*Exercise*. Images should be omitted while the rest of the data is duplicated exactly.

*Records shown*.
===============

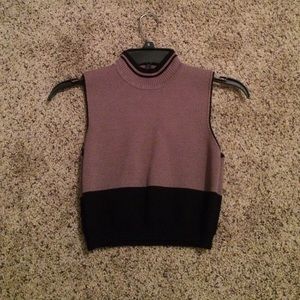 Sweater crop top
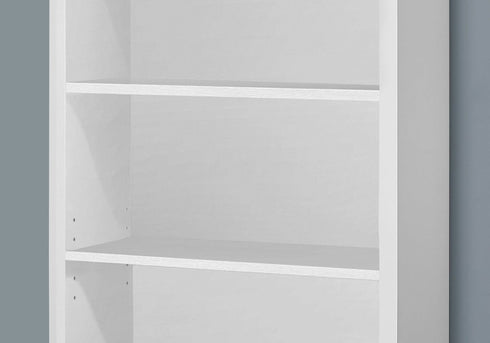 11.75" x 23.75" x 47.5" Cappuccino Particle Board Adjustable Shelves Bookshelf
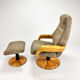 Fauteuil & repose-pied, années 1980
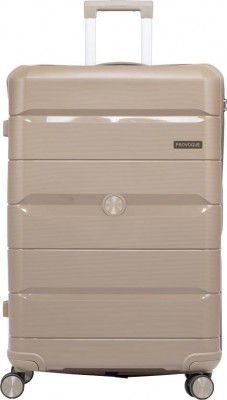 PROVOGUE Large Check-in Suitcase (75 cm) 4 Wheels - Hard Shell Travel Trolley Bags For Men & Women - Beige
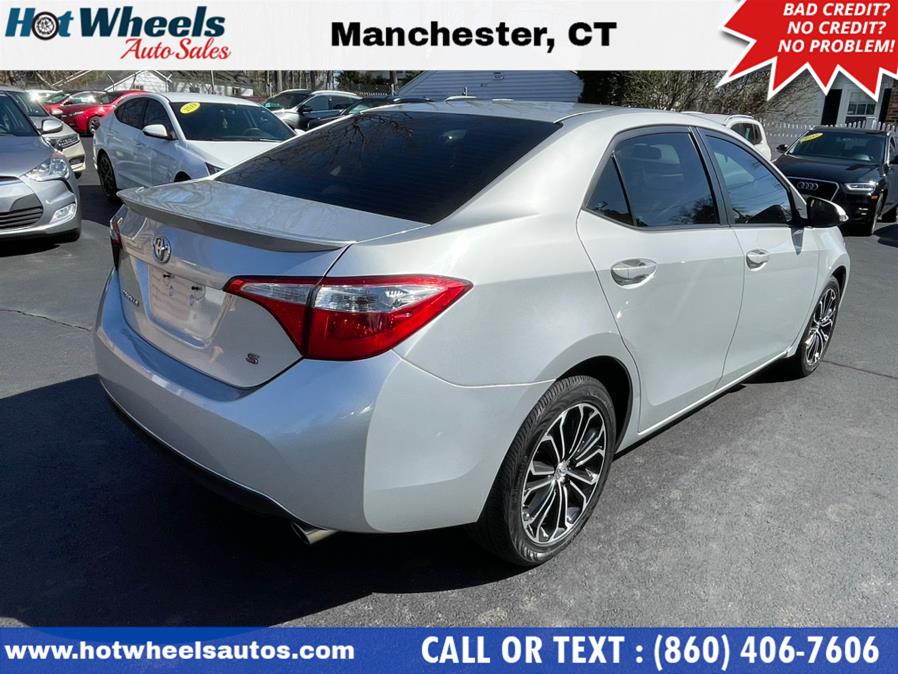 Used Toyota Corolla 4dr Sdn CVT S Premium (Natl) 2016 | Hot Wheels Auto Sales LLC. Manchester, Connecticut Used Toyota Corolla 4dr Sdn CVT S Premium (Natl) 2016 | Hot Wheels Auto Sales LLC. Manchester, Connecticut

===============

*Output*.
 Sweater crop top
 11.75" x 23.75" x 47.5" Cappuccino Particle Board Adjustable Shelves Bookshelf
 Fauteuil & repose-pied, années 1980
 PROVOGUE Large Check-in Suitcase (75 cm) 4 Wheels - Hard Shell Travel Trolley Bags For Men & Women - Beige
 Used Toyota Corolla 4dr Sdn CVT S Premium (Natl) 2016 | Hot Wheels Auto Sales LLC. Manchester, Connecticut Used Toyota Corolla 4dr Sdn CVT S Premium (Natl) 2016 | Hot Wheels Auto Sales LLC. Manchester, Connecticut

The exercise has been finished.